Many consumer protections regarding electronically-transferred remittances are enshrined within the 2014 CFPB remittance rules. Before an international transaction is completed, remittance companies are required to clearly state the exchange rate, any additional fees, applicable taxes, and the amount directly wired to the receiver.
Recipients are also notified in writing of their rights and the company’s cancellation and dispute policies. Remittance agencies are also required to provide their clients with their privacy policy and a disclosure that includes the expected transaction date and ways to contact relevant regulators. Many companies translate these policies into the most common languages used by their customers.
Under these rules, consumers are protected against errors such as unequal exchange rates for senders and recipients or transfer delays caused by actions of the agency. Additionally, all errors have a reporting period of 180 days. Agencies can take up to 90 days to investigate any error claims and must resolve the error if the agency is found liable.
Wednesday, October 17, 2018
The Importance of Remittances on the East African Economy
Focusing on the money transfer needs of the African diaspora in Minnesota, entrepreneurial senior executive Garad Nor heads two successful international remittance operations, which process millions of dollars in transfers every year. As a reflection of the lucrative remittance market, Garad Nor’s latest venture, Banana Pay, handles over 10 million dollars in international transfers every month.
The earnings of East Africans in Europe, Canada, and the U.S. are often sent back to relatives in their home countries. In Kenya, nearly four percent of the Gross Domestic Product comes from remittances.

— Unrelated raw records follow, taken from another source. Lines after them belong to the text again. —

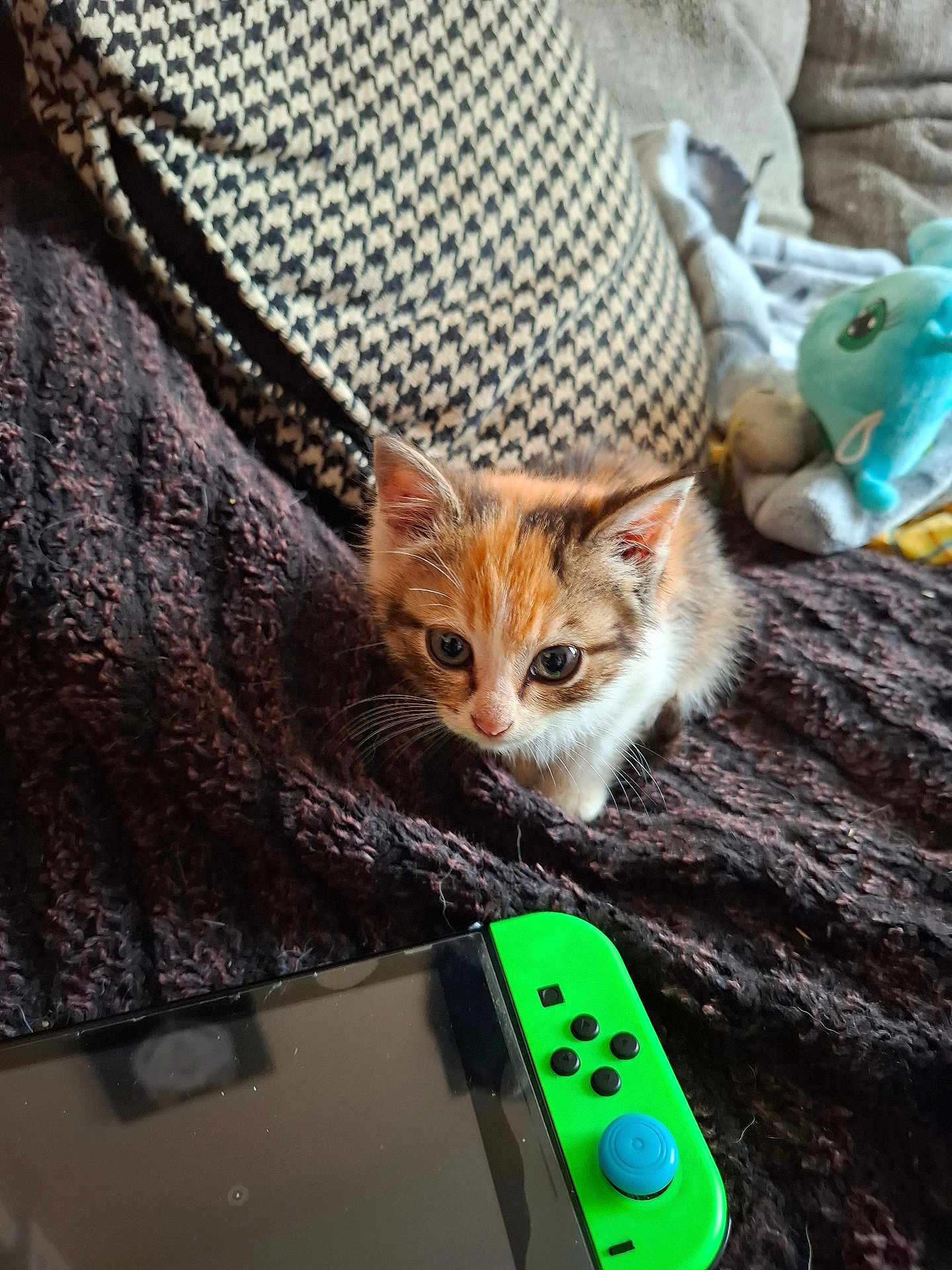 Nougatine participe au concours pour gagner de l'argent avec cette photo : kitten, cat, calico, pet, cute, young_animal, blanket, plush_toy, gaming_console, couch, pillow, indoor, cozy, close_up, curious, furniture, soft_lighting, small_animal, domestic_animal, resting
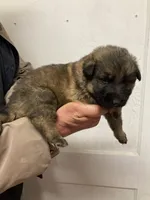 Trump boy #1, a male German Shepherd Dog for sale in Albemarle, NC – Photo 2 of 2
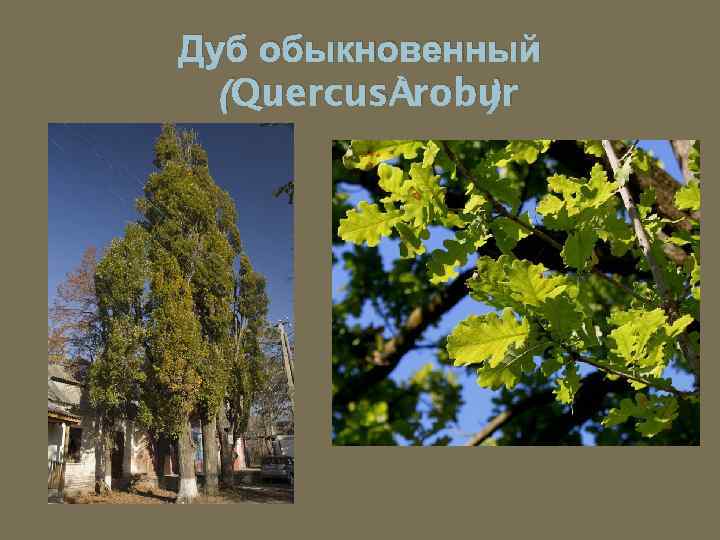 Дуб обыкновенный (Quercus robur ) 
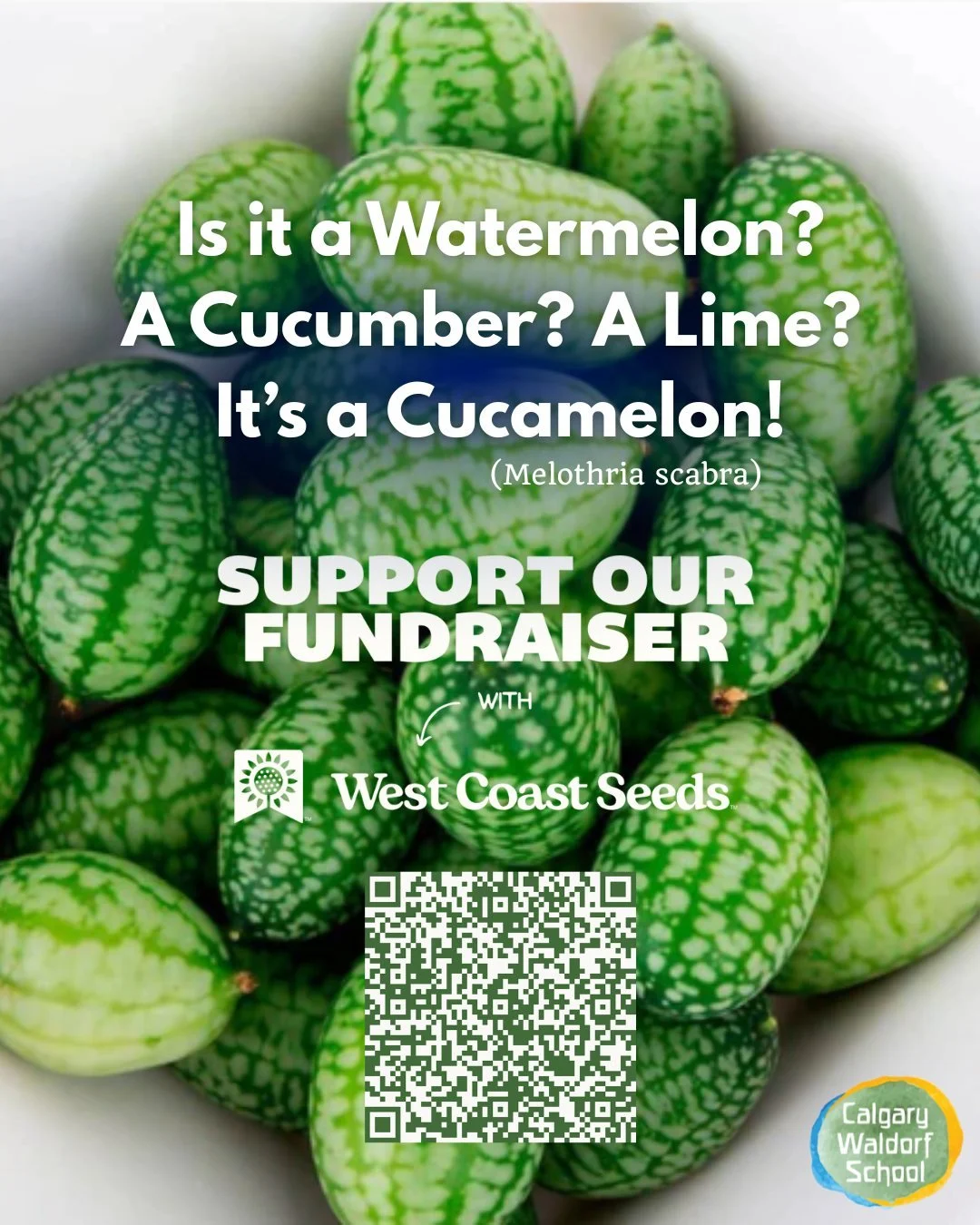 The Cucamelon is a tropical beauty that can be grown right here in Calgary - it just takes a little extra finesse and warmth to get these tiny fruits started!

The billions of dollars infused into the economy helps boost flailing currencies and drives business growth. Moreover, the increased purchasing power of remittance recipients contributes to increased spending on education, healthcare, and other sectors that support economic development.
Researchers have found that remittances can have ripple effects throughout a community. Recipients often use their extra income to buy more goods, which increases localized production and creates more jobs.
However, remittances may deepen economic inequality and reduce participation in the workforce. In an attempt to democratize the benefits of remittances, the Kenyan government has enacted a series of policies to increase diaspora investment in nationwide projects.